THE RECORDS Start Marker

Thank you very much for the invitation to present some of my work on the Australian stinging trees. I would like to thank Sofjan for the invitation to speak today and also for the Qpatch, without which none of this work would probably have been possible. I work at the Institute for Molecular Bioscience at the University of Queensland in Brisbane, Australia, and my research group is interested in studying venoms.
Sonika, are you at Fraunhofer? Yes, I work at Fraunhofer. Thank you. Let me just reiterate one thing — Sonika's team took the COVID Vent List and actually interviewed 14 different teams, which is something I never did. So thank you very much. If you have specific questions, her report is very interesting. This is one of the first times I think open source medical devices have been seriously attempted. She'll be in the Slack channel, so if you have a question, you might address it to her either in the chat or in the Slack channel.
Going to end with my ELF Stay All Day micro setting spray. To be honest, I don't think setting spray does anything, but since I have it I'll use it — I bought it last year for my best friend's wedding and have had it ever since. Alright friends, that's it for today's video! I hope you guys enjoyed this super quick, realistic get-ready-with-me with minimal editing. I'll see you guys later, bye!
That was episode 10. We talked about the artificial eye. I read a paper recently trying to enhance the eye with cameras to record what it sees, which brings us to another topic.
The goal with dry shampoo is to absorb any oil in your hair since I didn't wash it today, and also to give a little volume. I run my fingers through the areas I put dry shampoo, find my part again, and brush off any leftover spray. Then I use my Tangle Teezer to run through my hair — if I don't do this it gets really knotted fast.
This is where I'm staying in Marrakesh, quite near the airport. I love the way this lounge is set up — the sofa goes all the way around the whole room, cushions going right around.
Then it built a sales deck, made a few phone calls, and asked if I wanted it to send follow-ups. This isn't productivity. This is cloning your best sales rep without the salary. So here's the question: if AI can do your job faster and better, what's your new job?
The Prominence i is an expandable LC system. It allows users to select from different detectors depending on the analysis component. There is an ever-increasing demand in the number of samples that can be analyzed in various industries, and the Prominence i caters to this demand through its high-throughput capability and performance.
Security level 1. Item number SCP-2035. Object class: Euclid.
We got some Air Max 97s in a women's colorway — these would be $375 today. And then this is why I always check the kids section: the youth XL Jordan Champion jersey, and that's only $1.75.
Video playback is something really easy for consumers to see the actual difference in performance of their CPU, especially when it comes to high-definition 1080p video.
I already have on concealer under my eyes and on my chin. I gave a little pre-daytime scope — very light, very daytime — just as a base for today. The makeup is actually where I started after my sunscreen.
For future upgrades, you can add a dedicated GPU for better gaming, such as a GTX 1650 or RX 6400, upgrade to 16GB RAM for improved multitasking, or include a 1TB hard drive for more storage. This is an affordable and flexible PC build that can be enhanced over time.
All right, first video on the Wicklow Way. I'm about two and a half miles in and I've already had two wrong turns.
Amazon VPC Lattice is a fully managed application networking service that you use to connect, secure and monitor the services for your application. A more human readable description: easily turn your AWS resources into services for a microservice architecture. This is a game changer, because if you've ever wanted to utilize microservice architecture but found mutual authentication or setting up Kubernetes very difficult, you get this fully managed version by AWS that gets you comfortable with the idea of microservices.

THE RECORDS End Marker

### BRIEF
Please give all of the entries again, exactly as written.

### OUTPUT
Thank you very much for the invitation to present some of my work on the Australian stinging trees. I would like to thank Sofjan for the invitation to speak today and also for the Qpatch, without which none of this work would probably have been possible. I work at the Institute for Molecular Bioscience at the University of Queensland in Brisbane, Australia, and my research group is interested in studying venoms.
Sonika, are you at Fraunhofer? Yes, I work at Fraunhofer. Thank you. Let me just reiterate one thing — Sonika's team took the COVID Vent List and actually interviewed 14 different teams, which is something I never did. So thank you very much. If you have specific questions, her report is very interesting. This is one of the first times I think open source medical devices have been seriously attempted. She'll be in the Slack channel, so if you have a question, you might address it to her either in the chat or in the Slack channel.
Going to end with my ELF Stay All Day micro setting spray. To be honest, I don't think setting spray does anything, but since I have it I'll use it — I bought it last year for my best friend's wedding and have had it ever since. Alright friends, that's it for today's video! I hope you guys enjoyed this super quick, realistic get-ready-with-me with minimal editing. I'll see you guys later, bye!
That was episode 10. We talked about the artificial eye. I read a paper recently trying to enhance the eye with cameras to record what it sees, which brings us to another topic.
The goal with dry shampoo is to absorb any oil in your hair since I didn't wash it today, and also to give a little volume. I run my fingers through the areas I put dry shampoo, find my part again, and brush off any leftover spray. Then I use my Tangle Teezer to run through my hair — if I don't do this it gets really knotted fast.
This is where I'm staying in Marrakesh, quite near the airport. I love the way this lounge is set up — the sofa goes all the way around the whole room, cushions going right around.
Then it built a sales deck, made a few phone calls, and asked if I wanted it to send follow-ups. This isn't productivity. This is cloning your best sales rep without the salary. So here's the question: if AI can do your job faster and better, what's your new job?
The Prominence i is an expandable LC system. It allows users to select from different detectors depending on the analysis component. There is an ever-increasing demand in the number of samples that can be analyzed in various industries, and the Prominence i caters to this demand through its high-throughput capability and performance.
Security level 1. Item number SCP-2035. Object class: Euclid.
We got some Air Max 97s in a women's colorway — these would be $375 today. And then this is why I always check the kids section: the youth XL Jordan Champion jersey, and that's only $1.75.
Video playback is something really easy for consumers to see the actual difference in performance of their CPU, especially when it comes to high-definition 1080p video.
I already have on concealer under my eyes and on my chin. I gave a little pre-daytime scope — very light, very daytime — just as a base for today. The makeup is actually where I started after my sunscreen.
For future upgrades, you can add a dedicated GPU for better gaming, such as a GTX 1650 or RX 6400, upgrade to 16GB RAM for improved multitasking, or include a 1TB hard drive for more storage. This is an affordable and flexible PC build that can be enhanced over time.
All right, first video on the Wicklow Way. I'm about two and a half miles in and I've already had two wrong turns.
Amazon VPC Lattice is a fully managed application networking service that you use to connect, secure and monitor the services for your application. A more human readable description: easily turn your AWS resources into services for a microservice architecture. This is a game changer, because if you've ever wanted to utilize microservice architecture but found mutual authentication or setting up Kubernetes very difficult, you get this fully managed version by AWS that gets you comfortable with the idea of microservices.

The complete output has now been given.